Market experts attributed the sharp exit to persistently high US interest rates, rising bond yields and a stronger dollar, which improved risk-free returns in developed markets and reduced risk appetite for emerging economies such as India. Global trade tensions, fears of fresh US tariffs and geopolitical uncertainties further weighed on investor sentiment. Periodic depreciation of the rupee also eroded dollar-based returns and increased hedging costs for overseas investors.
Despite the heavy equity sell-off, FPIs remained net buyers in the debt segment, investing over Rs 59,000 crore during the year. This was driven by India’s inclusion in global bond indices, attractive yield differentials and portfolio rebalancing amid volatile equity markets. The phased inclusion of government bonds under the Fully Accessible Route (FAR) created steady demand, especially from passive funds.
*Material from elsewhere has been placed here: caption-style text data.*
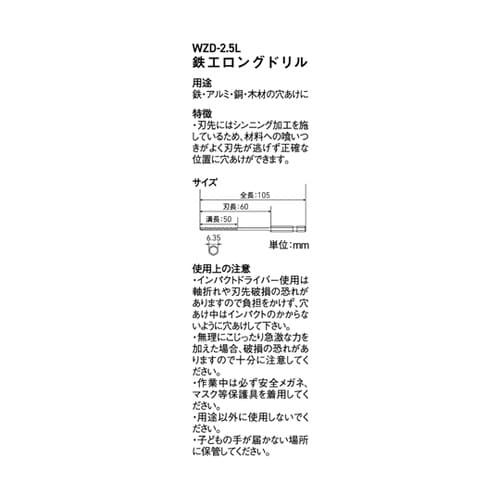 鉄工ロングドリル 2.5mm WZD−2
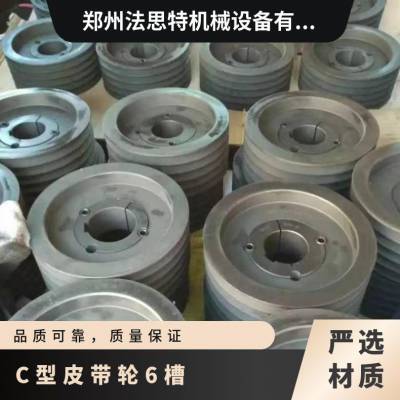 C型皮带轮6槽直径400孔径75键槽标准可定做 是 法思特 200mm 欧标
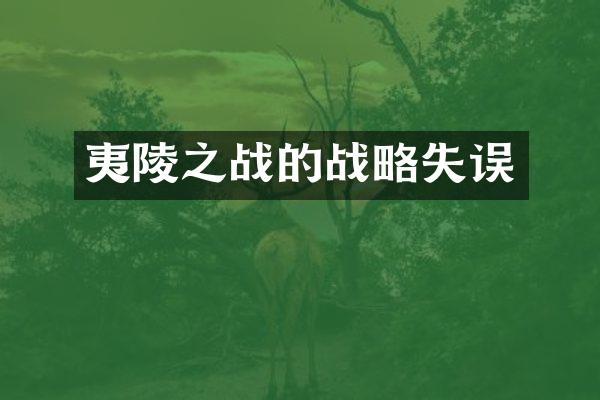 夷陵之战的战略失误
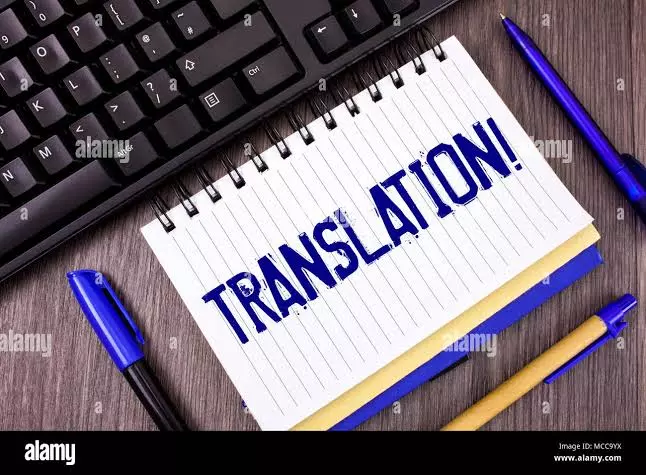 الترجمة و الكتابة علي برنامج الوورد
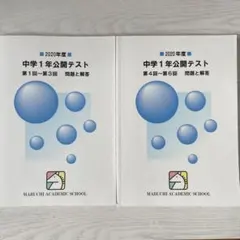 馬渕教室　 中学1年生テキストセット 2020年度 馬渕教室 中1 春期講習 夏期講習 冬期講習 テキスト 中学1年生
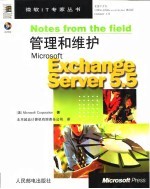 管理和维护Microsoft Exchange Server 5.5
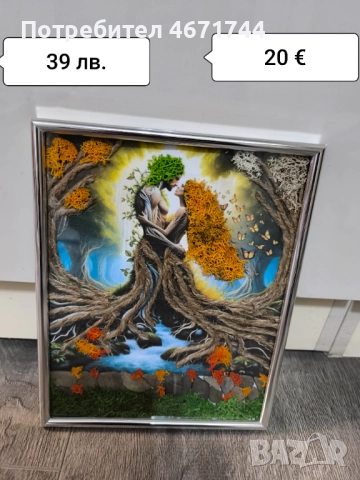 Картини със скандинавски мъх , снимка 3 - Картини - 52829522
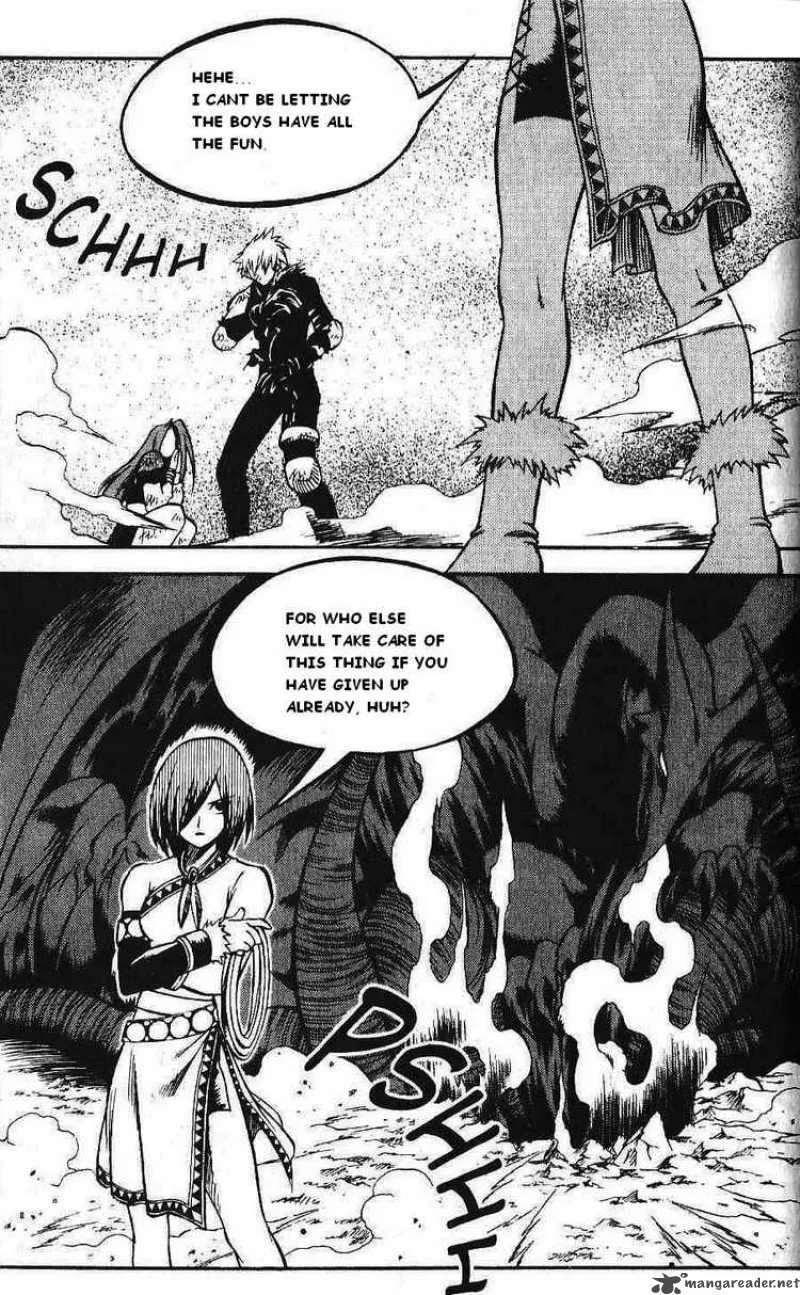 Yureka Chapter 88 page 24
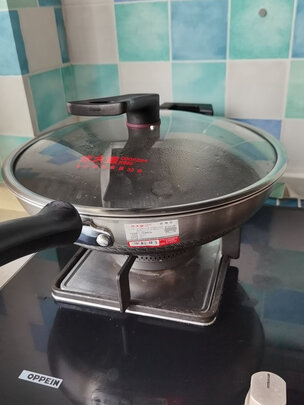 炒锅
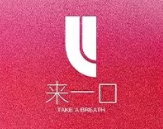 来一口烟具用品直销店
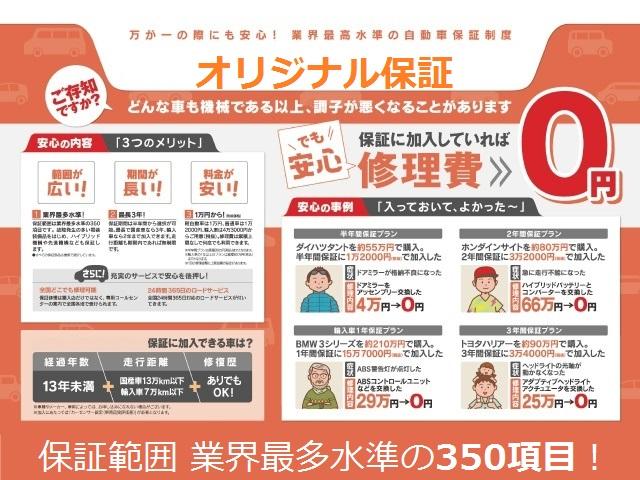 L シートヒーター 盗難防止センサー アイドリングストップ 横滑防止 純正CDオーディオ キーレス(20枚目)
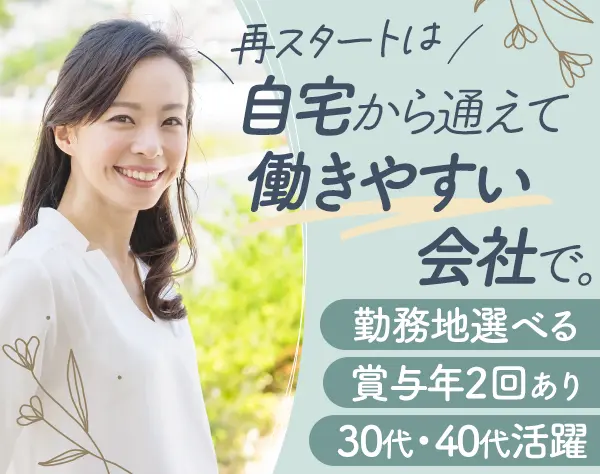 医療事務*未経験OK*賞与3～4ヶ月*複数名採用*完全週休2日制*30代40代活躍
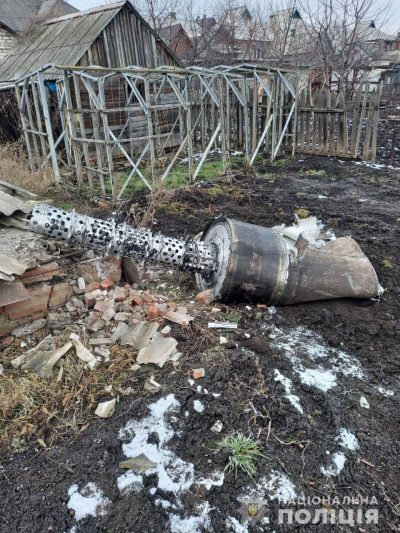 Remains of an Iskander ballistic missile equipped with a cluster munition warhead.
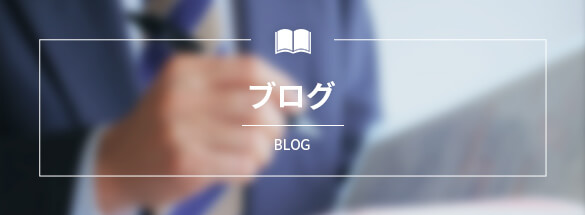 ブログ
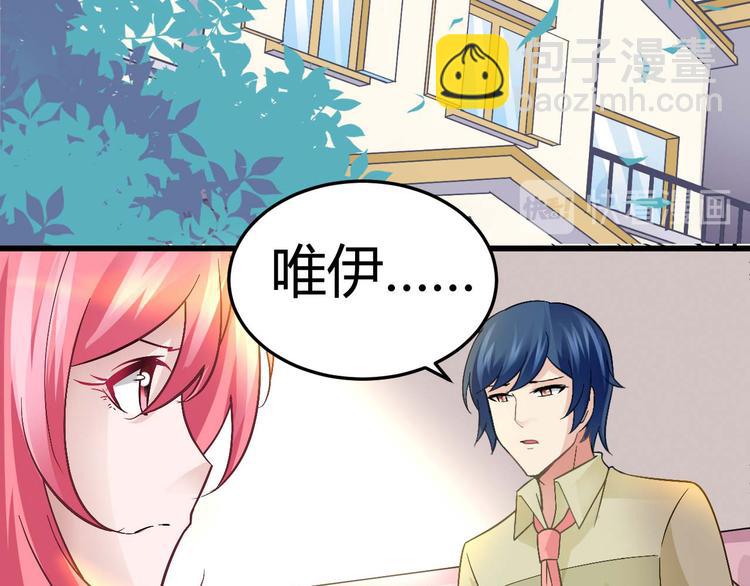 《猎爱游戏总裁情难自禁》第十五话 第2页
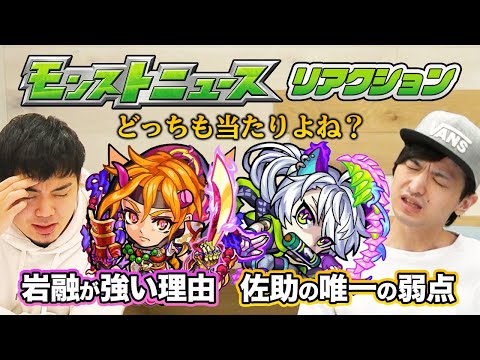 【モンストニュース感想会(10/22)】岩融&佐助獣神化がヤバい理由を語り尽くします【モンスト/よーくろGames】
The monthly trend reflected high volatility, with FPIs selling equities in eight of the twelve months. After sharp outflows in the first quarter, inflows were seen between April and June, followed by renewed selling from July to September. A brief return in October was again reversed in November and December.
Domestic institutional investors cushioned the impact of foreign selling, supported by strong SIP inflows from retail investors.